Kathleen si era intanto appoggiata alla ringhiera ad assaporare il fumo di una sigaretta.

Bishop cancellò il messaggio di Weiss e si alzò. Pochi mimiti dopo scese a sgranchirsi le gambe in giardino. Era calata un’oscurità compatta. La calura, che aveva martellato la regione per tutta la giornata, adesso pareva adagiarsi sulla notte come un lenzuolo. Le cicale emettevano i loro versi tra gli aceri. Gli insetti ronzavano intorno alle lampade accese sotto il portico di Kathleen come elettroni impazziti: Bishop ne scorse le ombre riflesse sul volto e sulle braccia della donna quando lei si voltò per sorridergli. La raggiunse varcando il sottile confine di prato che separava le due case.

«Come va?» le chiese.

Kathleen rispose con un gesto vago della mano che stringeva la sigaretta. «Prendo un po’ d’aria. Non mi piace fumare con l’aria condizionata accesa.»

«Neanche a me. Chris è uscito?»

«È andato al Clover Leaf, in città.»

«Sì, so qual è.»

«Brutto posto, no?»

«In effetti mi è sembrato alquanto rozzo.» Indicò gli scalini del portico. «Posso?»

La donna alzò le spalle, ma Bishop colse una luce di interesse nei suoi occhi. Salì gli scalini, si appoggiò alla ringhiera, di fronte a lei, e la fissò… un lungo e intenso sguardo che non poteva essere frainteso. Kathleen fece un’espressione indifferente, ma dal respiro rallentato si capiva che era consapevole della sua vicinanza.

Fumarono insieme per qualche minuto, in silenzio. Udirono il suono di un telefono in qualche casa del vicinato.

«Chris dice che hai superato tutti i test. Sei pronto per volare.»

«Be’, lui ti sottopone a delle prove infernali.»

«Non badarci. Chris è un bastardo.»

Bishop alzò un sopracciglio. «Ma è tuo marito, giusto?»

«Che cosa vuoi che ti dica, le vie dell’amore sono misteriose…» Lasciò cadere un po’ di cenere, con indifferenza. «Si diverte a vedere i nuovi che se la fanno sotto; li lascia soffrire fino all’ultimo istante. Io l’ho avvertito: un giorno o l’altro finirà male.»

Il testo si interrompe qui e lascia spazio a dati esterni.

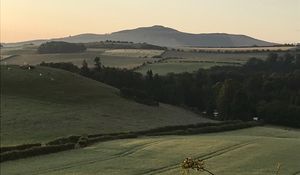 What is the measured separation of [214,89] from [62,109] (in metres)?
42.5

«Per dirtela tutta, non me ne frega un accidente se gli succederà», disse Bishop, «almeno fin tanto che non mi ci trovo io su quell’aereo.»

«Bene.» Rise sommessamente, poi scosse la testa. «Senti, non devi fraintendermi. Chris è un buon pilota, anzi, un ottimo pilota. Vola da quando era giovanissimo. Ha pilotato gli elicotteri quando era militare e sa portare qualsiasi velivolo. Può riprendere il controllo di quel Cessna anche a venti piedi e non ha mai messo la vita di nessuno in pericolo. Gli piace solo fare lo sbruffone, nient’altro.»